Dr. William G. Dodds, a reproductive endocrinologist and a member of the Christian Reformed Church, encourages couples to clearly define for their physicians how they would like to limit the number of embryos created to match the family size they feel God has called them to have. Dodds says it is a physician’s duty to honor a couple’s moral beliefs concerning embryos.
Couples with unneeded frozen embryos have four basic options:
- Allow their clinic to “thaw” their embryos or to donate their embryos for research. In both cases the embryos are destroyed. For Christians who value the sanctity of human life, the willful destruction of embryos is unacceptable. As Ron Stoddart, the founder of the Snowflakes Embryo Adoption program says, “An embryo is not a potential human life—it is a human life with potential.”
- Donate embryos anonymously to a clinic for use by another couple of the clinic’s choice. This is not a good solution because the donating couple has no input in selecting the recipient couple.
- Store unneeded embryos indefinitely at the clinic. This is not a solution. Keeping embryos in frozen storage only puts off the day of decision. Contrary to popular opinion, frozen embryos do not have a “shelf life.” Babies have been born from embryos stored more than 12 years.
- Pursue embryo adoption. In order to give their precious embryos the best chance of living a full life, couples with extra embryos can donate them to an infertile couple of their choice. The “adopting” couple uses these embryos in one or more attempts to become pregnant and give birth.
A Life-Affirming Choice
Releasing tiny human lives for embryo adoption is a very difficult decision. But it is the right decision. Embryo adoption resolves a difficult problem in a God-honoring, life-affirming way.
By God’s grace, embryo adoption can be a blessing for everyone involved. For the couple who donates embryos, it is a positive, pro-life way to resolve a wrenching ethical dilemma. For the adopting couple it can be a beautiful opportunity to experience pregnancy and become parents. And for the embryos themselves, a way is provided for them to grow, enter this world, and live a full life.
Is embryo adoption a “God thing”? For the two couples described at the beginning of this article, the answer is a joyful yes! One of the tiny embryos donated by Chris and Shelley was born as Joel and Holly’s beautiful daughter, Karissa.
Embryo Adoption Services
There are a number of excellent organizations that offer embryo “adoption” services.
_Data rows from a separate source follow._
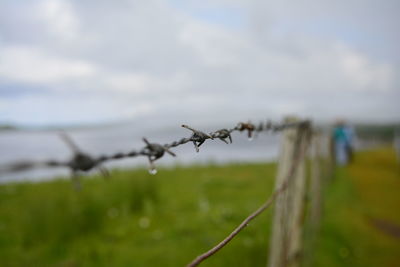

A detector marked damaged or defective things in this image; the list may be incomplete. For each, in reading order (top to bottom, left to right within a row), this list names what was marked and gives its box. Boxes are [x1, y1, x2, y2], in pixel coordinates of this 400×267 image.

rusty barbed wire [0, 120, 310, 183]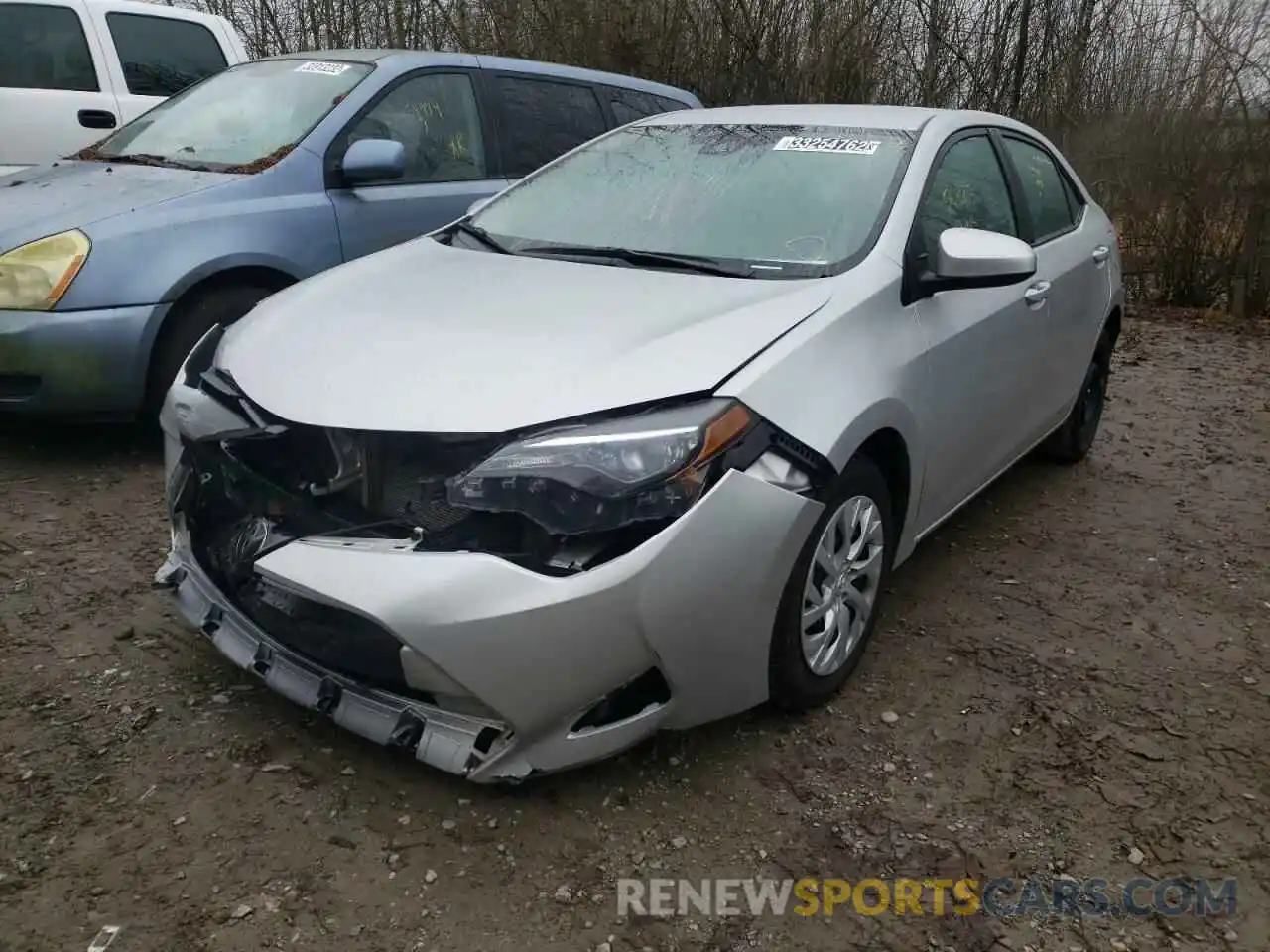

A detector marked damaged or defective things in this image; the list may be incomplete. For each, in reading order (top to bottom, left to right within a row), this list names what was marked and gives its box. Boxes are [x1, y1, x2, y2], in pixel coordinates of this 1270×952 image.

exposed headlight assembly [0, 229, 91, 310]
detached front bumper [0, 301, 167, 414]
crumpled hood [0, 164, 238, 254]
crumpled hood [218, 237, 832, 433]
exposed headlight assembly [449, 398, 751, 537]
broken headlight [451, 398, 751, 537]
damaged front end [156, 327, 832, 781]
detached front bumper [156, 467, 823, 786]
These organizations
- gladly honor Christian values.
- provide careful, quality service.
- regard human embryos as human lives that may not be willfully destroyed.
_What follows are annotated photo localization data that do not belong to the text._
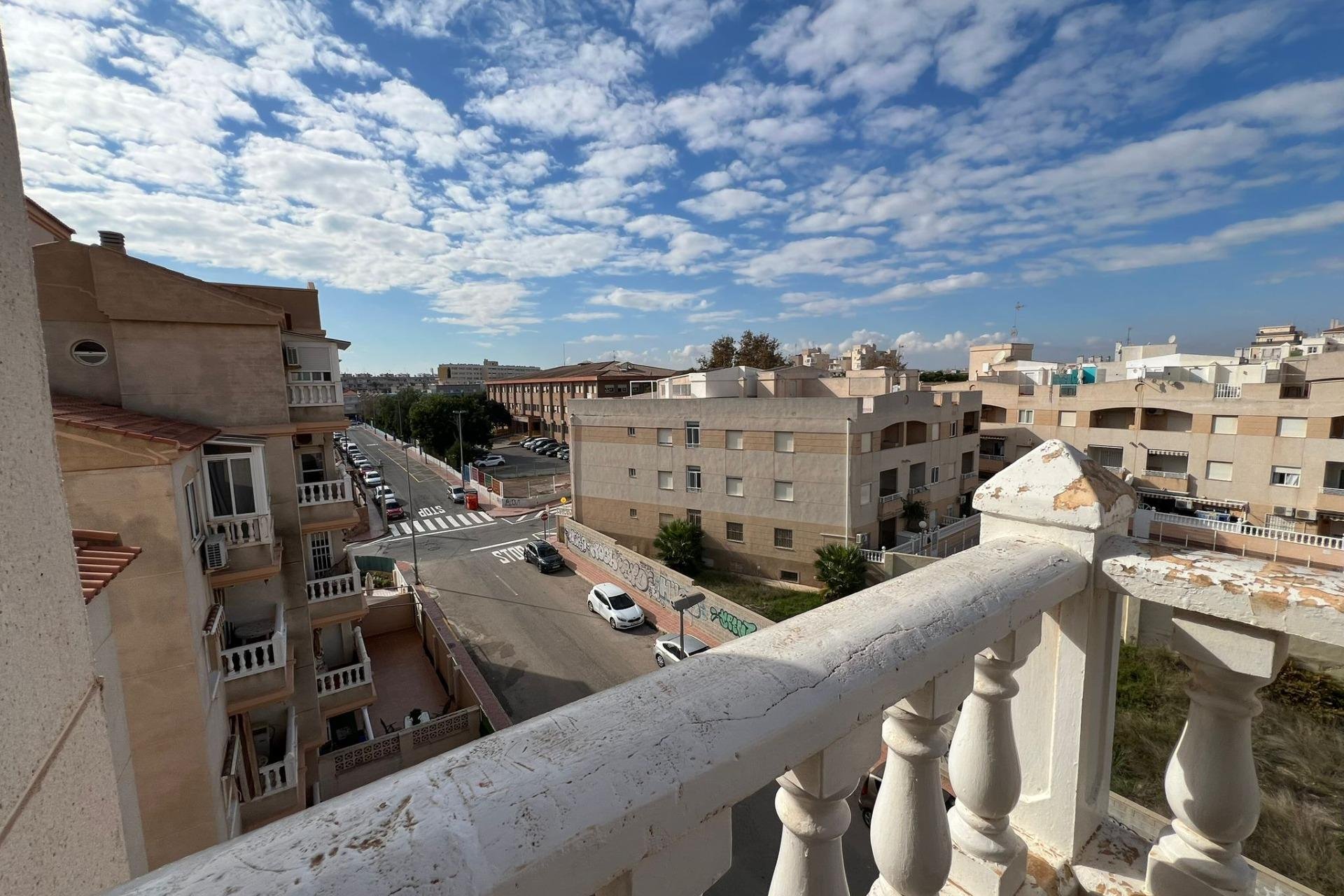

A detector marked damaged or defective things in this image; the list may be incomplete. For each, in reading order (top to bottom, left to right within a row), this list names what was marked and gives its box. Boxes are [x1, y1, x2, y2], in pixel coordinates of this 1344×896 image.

peeling paint railing [221, 605, 286, 683]
peeling paint railing [316, 627, 372, 697]
peeling paint railing [105, 442, 1344, 896]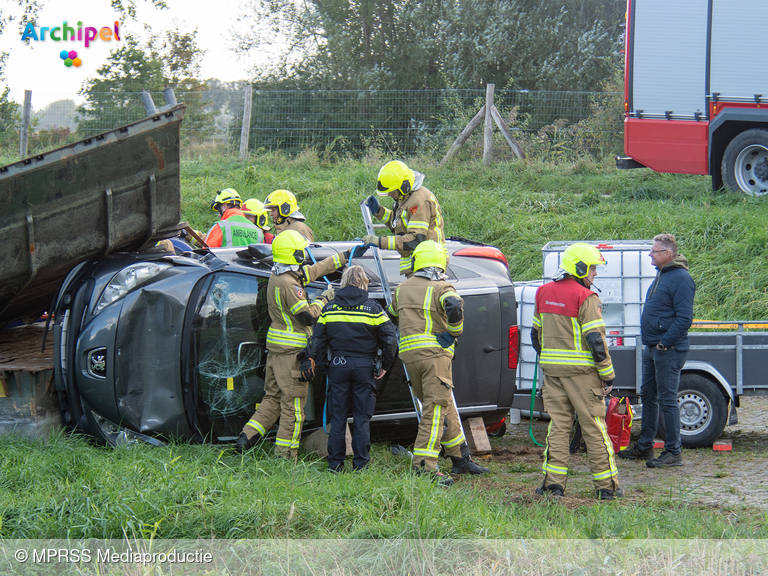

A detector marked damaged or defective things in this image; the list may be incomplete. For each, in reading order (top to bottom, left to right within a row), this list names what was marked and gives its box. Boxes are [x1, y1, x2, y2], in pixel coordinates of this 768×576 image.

shattered windshield glass [190, 272, 268, 438]
overturned car [54, 238, 520, 446]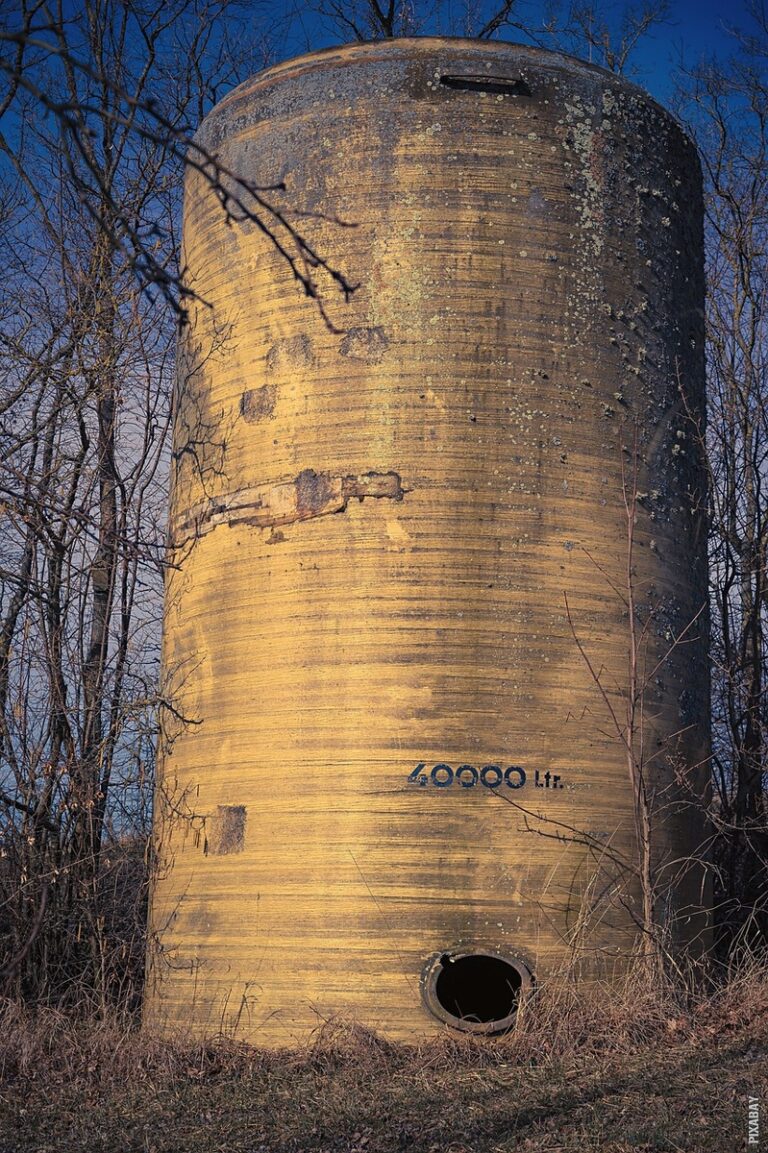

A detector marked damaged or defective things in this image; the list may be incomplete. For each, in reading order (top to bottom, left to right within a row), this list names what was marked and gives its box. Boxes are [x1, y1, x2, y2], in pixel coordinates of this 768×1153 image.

rust stain [242, 384, 278, 426]
rust stain [170, 468, 404, 540]
rusty metal surface [147, 38, 712, 1040]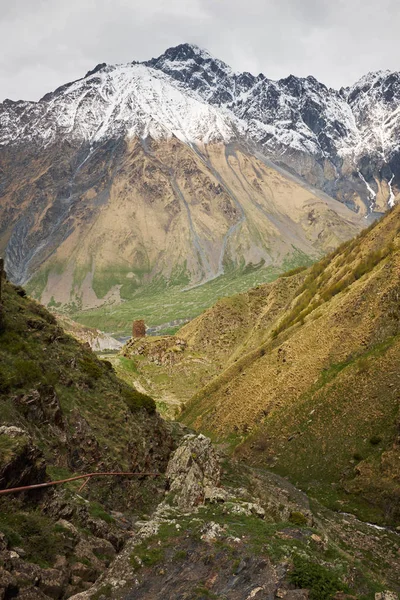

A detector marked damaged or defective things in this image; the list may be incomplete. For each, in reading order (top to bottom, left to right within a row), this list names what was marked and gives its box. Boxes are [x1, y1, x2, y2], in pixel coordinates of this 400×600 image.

rusty metal cable [0, 474, 160, 496]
- require a home study that includes excellent counseling and educational services to prepare couples for the role of being adoptive parents.
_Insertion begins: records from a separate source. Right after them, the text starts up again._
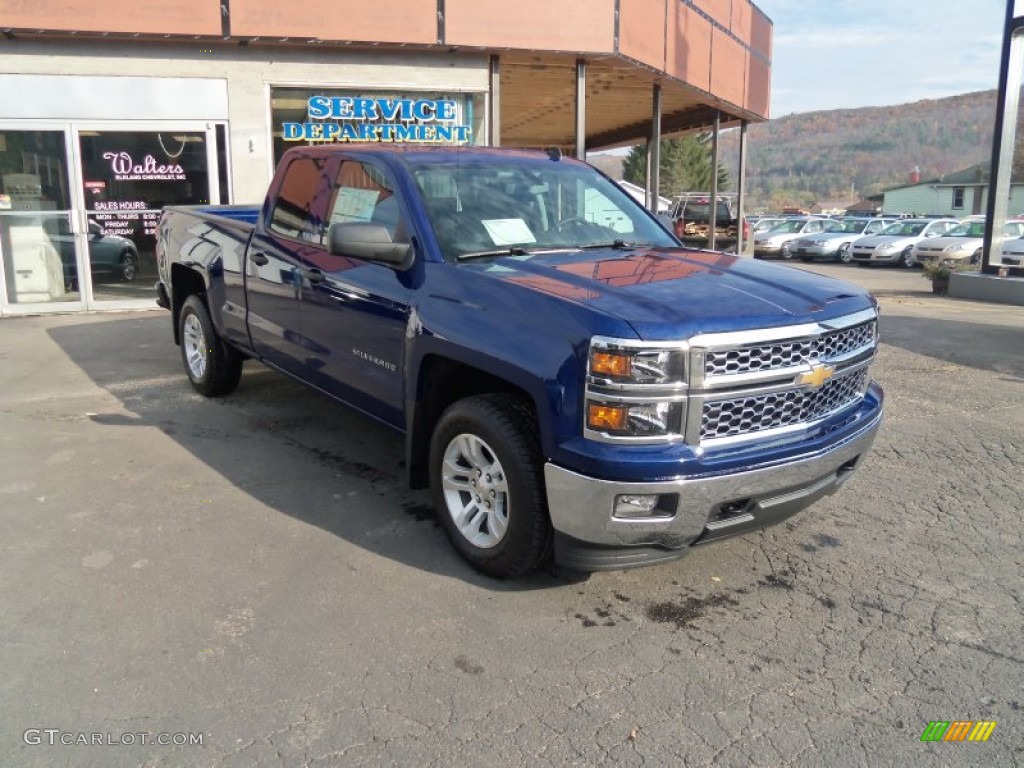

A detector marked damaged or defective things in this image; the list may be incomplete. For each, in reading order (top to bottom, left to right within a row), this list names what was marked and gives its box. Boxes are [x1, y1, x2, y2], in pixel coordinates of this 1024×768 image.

cracked asphalt [0, 262, 1020, 760]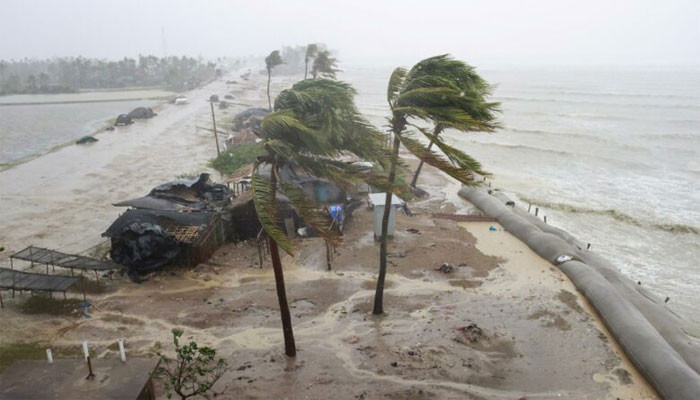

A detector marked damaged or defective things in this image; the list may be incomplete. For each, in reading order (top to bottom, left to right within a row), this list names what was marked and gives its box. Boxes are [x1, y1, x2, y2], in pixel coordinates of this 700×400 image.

damaged hut [102, 173, 232, 280]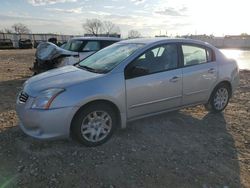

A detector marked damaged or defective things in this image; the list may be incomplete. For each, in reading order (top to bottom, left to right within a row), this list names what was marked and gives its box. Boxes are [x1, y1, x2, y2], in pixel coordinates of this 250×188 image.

damaged vehicle [30, 36, 120, 74]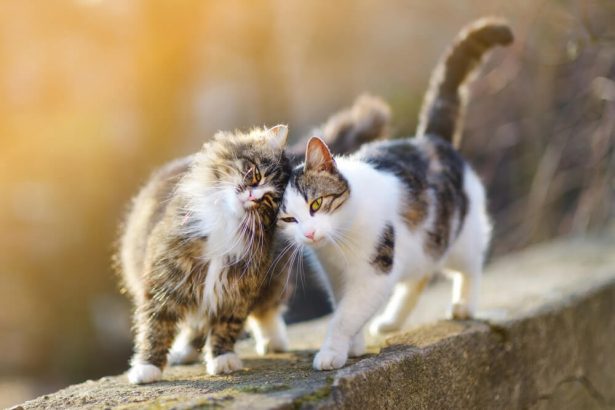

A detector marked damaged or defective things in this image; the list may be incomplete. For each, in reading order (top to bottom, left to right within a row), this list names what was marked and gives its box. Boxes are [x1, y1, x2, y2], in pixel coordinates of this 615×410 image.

cracked concrete edge [312, 282, 615, 410]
For more information on embryo adoption, contact one of the following organizations:Bethany Christian Services www.embryoservices.org.The National Embryo Donation Center (NEDC) www.embryodonation.orgSnowflakes: Nightlight Christian Adoptions www.snowflakes.orgFOR DISCUSSION:
1. What are your current thoughts about infertility treatment? What are your primary concerns?
2. How should Christians approach this treatment?
3. Do you agree that releasing human lives for embryo adoption is the right decision?
4. What is the best way to discern God's will in this situation?